- Given data
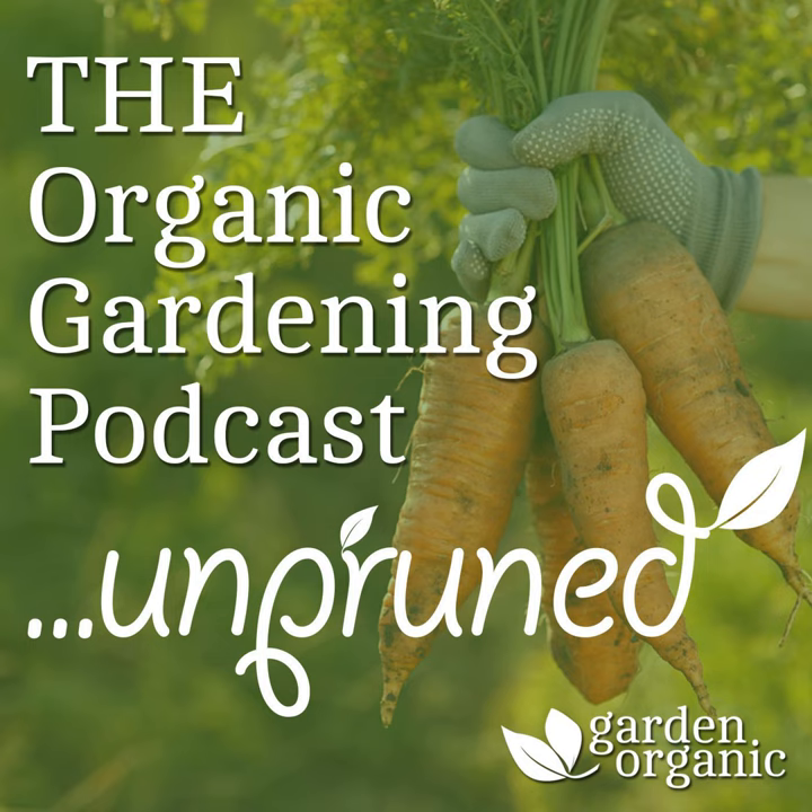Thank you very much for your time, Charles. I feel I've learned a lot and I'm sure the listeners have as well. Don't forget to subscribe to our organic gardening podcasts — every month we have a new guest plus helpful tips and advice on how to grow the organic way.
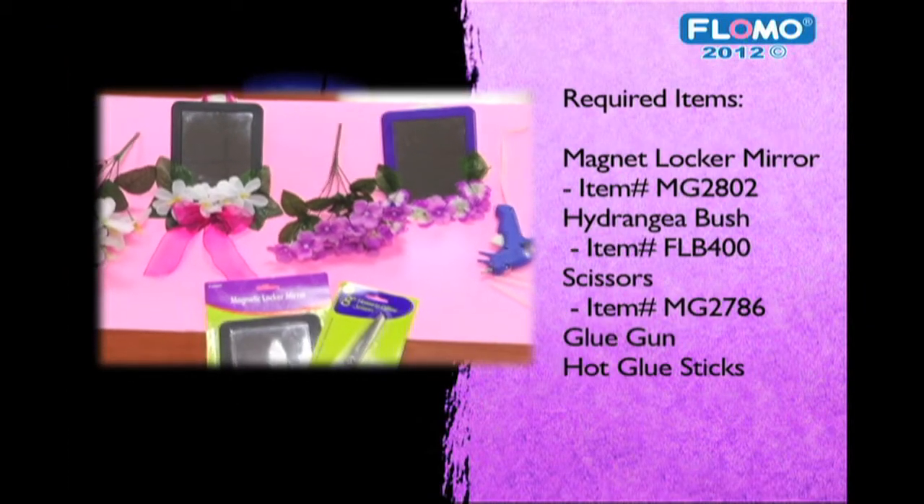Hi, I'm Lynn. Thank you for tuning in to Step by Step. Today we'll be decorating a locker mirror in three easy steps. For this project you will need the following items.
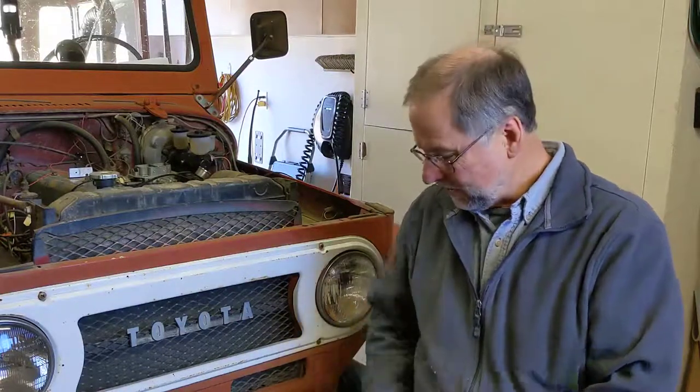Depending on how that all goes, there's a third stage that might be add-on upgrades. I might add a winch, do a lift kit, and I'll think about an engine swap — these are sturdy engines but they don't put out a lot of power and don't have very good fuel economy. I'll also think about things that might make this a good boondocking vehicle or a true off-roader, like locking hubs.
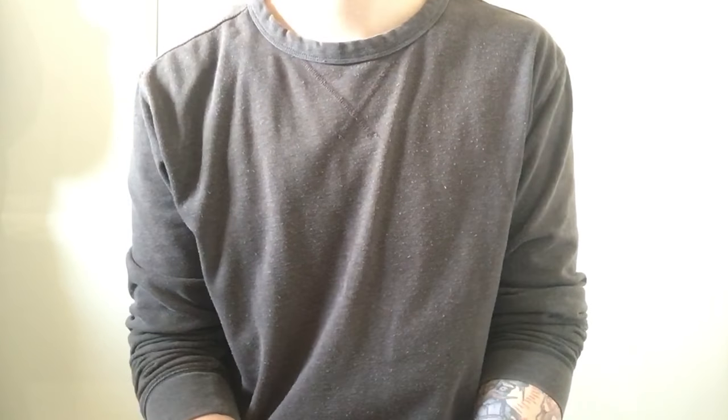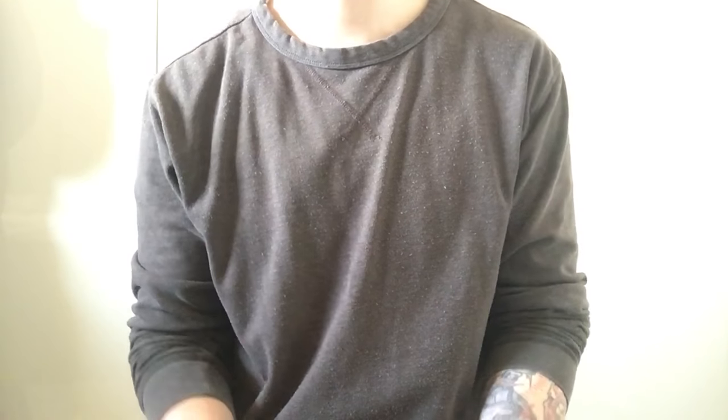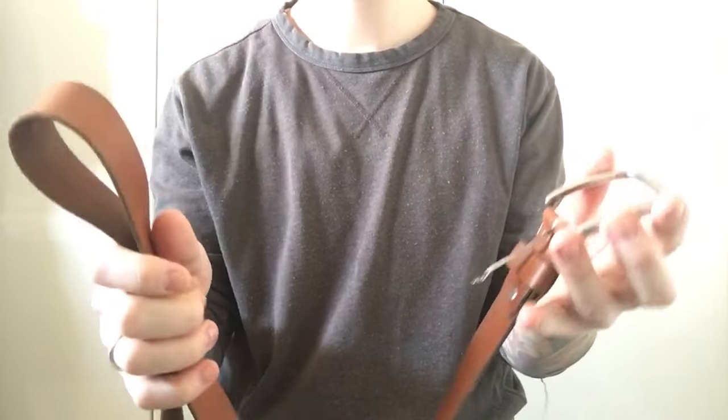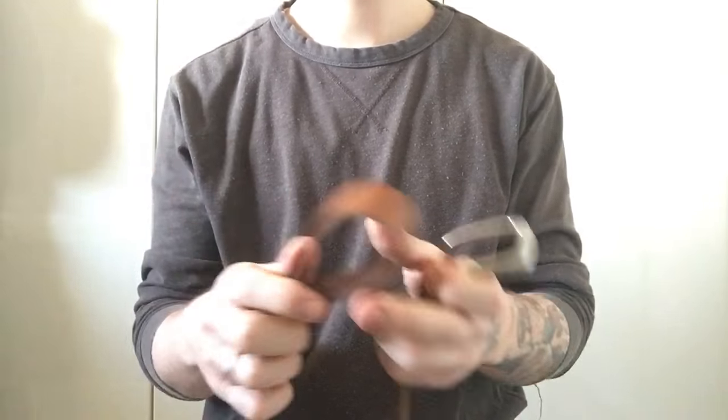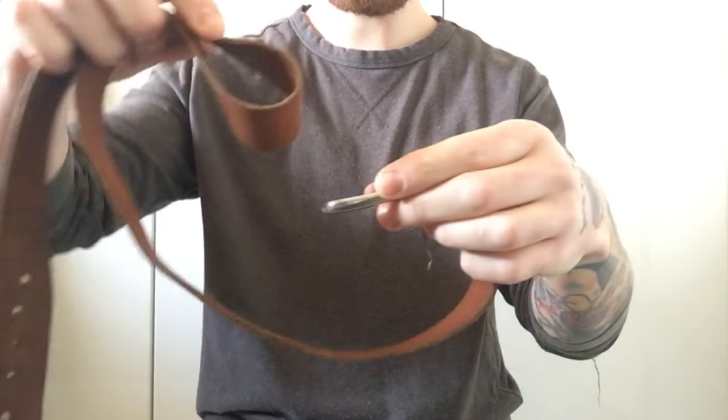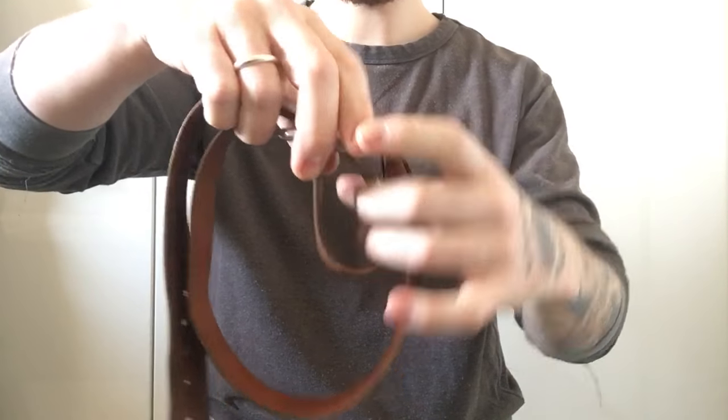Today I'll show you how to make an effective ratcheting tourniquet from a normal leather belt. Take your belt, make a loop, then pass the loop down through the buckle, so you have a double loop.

- Task brief
Extract the lines exactly, please: the first line of the listing, the line with "Hi, I'm Lynn.", and every line between them, but no pictures.

- Result of this exercise
Thank you very much for your time, Charles. I feel I've learned a lot and I'm sure the listeners have as well. Don't forget to subscribe to our organic gardening podcasts — every month we have a new guest plus helpful tips and advice on how to grow the organic way.
Hi, I'm Lynn. Thank you for tuning in to Step by Step. Today we'll be decorating a locker mirror in three easy steps. For this project you will need the following items.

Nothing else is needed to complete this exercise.